December 5th marked the 70th anniversary of the first meeting between Champion Joe Louis and challenger Jersey Joe Walcott which took place at Madison Square Garden in 1947.

Louis had been a very active champion and this was to be his 24th defense of the title. Up until 1942 Joe defended the title often and always successfully. In 1941 alone he had met eight challengers including his historic match against Billy Conn. Things would change at the beginning of 1942 as the country was now focused on World War II. After defeating Abe Simon in March of 1942 Joe would not defend the championship again until his rematch with Billy Conn in June, 1946.

Louis stepped up and supported his country during the war by enlisting in the Army. During this time he fought a number of exhibition matches at Army bases around the world, but for such an active fighter the four year layoff took its toll. The Joe Louis who returned to the ring after the war was older and slower than the devastating fighting machine who had dominated the division throughout the 1930s and into the 40s. While Joe’s physical abilities may have faded a bit, he was still a very great fighter.

The long awaited rematch between Louis and Conn turned out to be a disappointment as it didn’t come close to having the excitement of their first go. After the Conn fight Louis dispatched Tami Mauriello in the first round of their fight. At this point the heavyweight division was looking quite weak with no truly outstanding challengers.

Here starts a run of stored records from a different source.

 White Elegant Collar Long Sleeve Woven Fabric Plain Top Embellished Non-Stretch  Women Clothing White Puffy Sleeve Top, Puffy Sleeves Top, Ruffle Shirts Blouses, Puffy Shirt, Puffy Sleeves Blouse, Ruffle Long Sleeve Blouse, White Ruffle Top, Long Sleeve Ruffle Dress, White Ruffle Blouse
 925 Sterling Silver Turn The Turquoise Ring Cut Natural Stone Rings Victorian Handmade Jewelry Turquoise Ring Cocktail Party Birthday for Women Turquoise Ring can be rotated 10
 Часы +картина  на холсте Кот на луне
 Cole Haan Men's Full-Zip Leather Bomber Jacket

Promoter Mike Jacobs decided to go with a former sparring partner of Joe’s for his next title defense. Jersey Joe Walcott was a very slick boxer with a solid punch who never seemed to get a break. Walcott had been a pro since 1930 and was now having a fairly successful run of it. He had only lost 3 of his last 21 bouts which took place since 1944. He avenged all three of those losses. Joe had also missed a few years during the war not fighting since being stopped by Abe Simon in 1940. Walcott was back and giving it one more try in an attempt to get a title shot.

It should also be noted that early in his career Walcott had been trained for a brief time by Jack Blackburn. Blackburn ended up taking on Joe Louis as a pupil so Walcott and he parted ways.

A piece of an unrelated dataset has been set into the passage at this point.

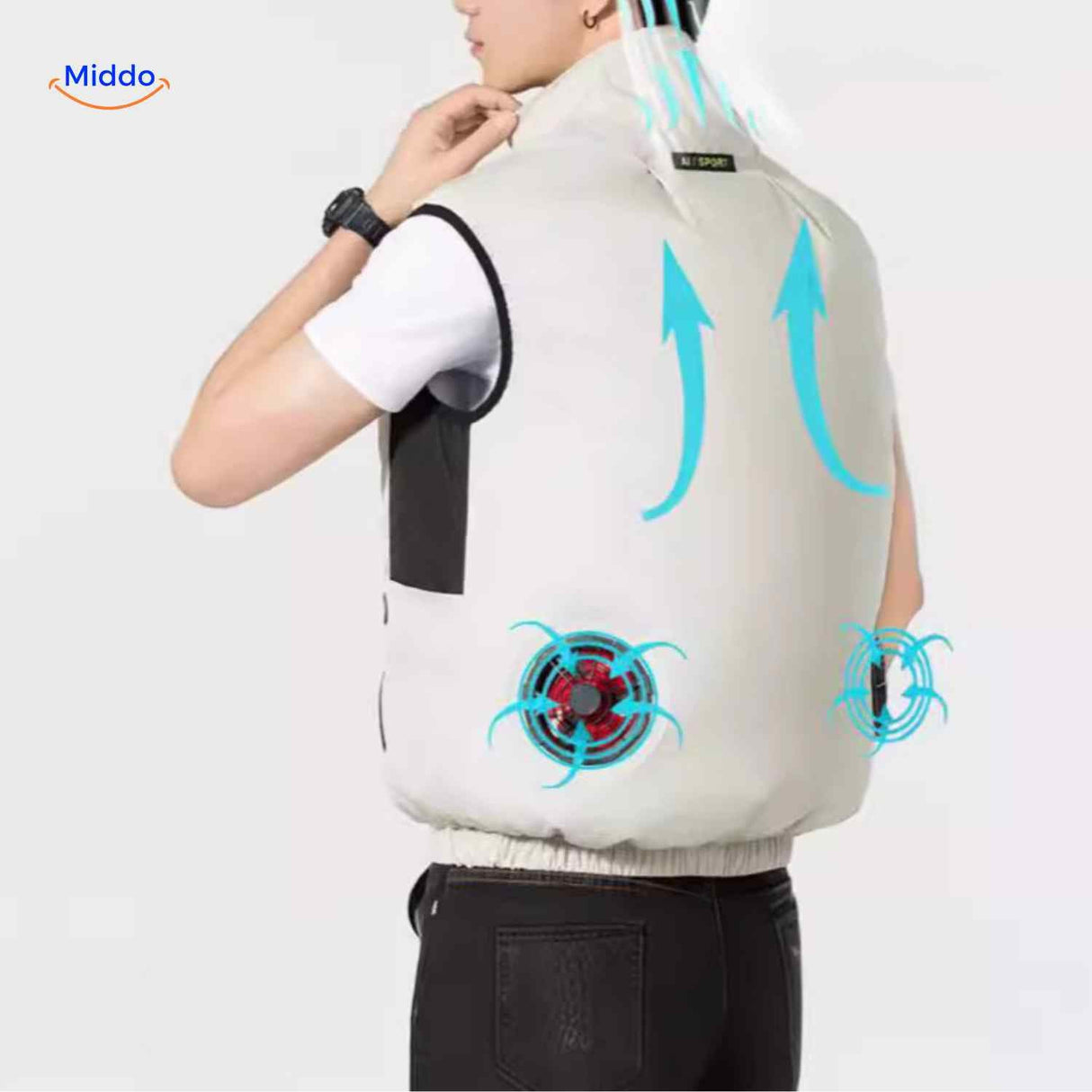 White cooling vest rear view featuring airflow cooling fans and ventilation technology.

Jersey Joe wasn’t given much of a chance of defeating Louis who entered the ring a ten to one favorite. The challenger made the oddsmakers look a bit silly when he decked the champion in the first round. The two fighters were mixing it up with Louis having Walcott against the ropes. Suddenly, Walcott landed a short right hand that was a solid punch but also caught the Brown Bomber off balance. The Champ went down for a two count.

In the fourth round Walcott would again deck Louis with another right hand. This time Louis was down for a count of seven and hurt. Louis got up and fought his way out of trouble avoiding numerous rights thrown by the challenger.

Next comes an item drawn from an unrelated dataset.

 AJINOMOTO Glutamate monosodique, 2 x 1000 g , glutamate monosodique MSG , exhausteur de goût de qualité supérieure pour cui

The rest of the fight was a cat and mouse game with Walcott using his brilliant boxing skills, his feints and shuffle, to keep Louis off balance. Louis’s left eye was swelling while Walcott had no marks on his face. Louis, while determined and steadfast, just could not land a solid combination on Walcott. Jersey Joe, who had started the fight quite aggressively, seemed to be content to keep at a distance as much as he could and rely on his speed tasty out of trouble. Perhaps he was thinking back to when Billy Conn fought Louis the first time.

Before the start of the 15th and final round Walcott’s cornermen told him he had the fight and he should play it safe. He followed their instructions and spent the final round moving and circling Louis intent on not being knocked out.

When the decision was announced two of the judges gave the fight to the champion while the referee scored it for Walcott. The crowd also thought the challenger had done enough to win.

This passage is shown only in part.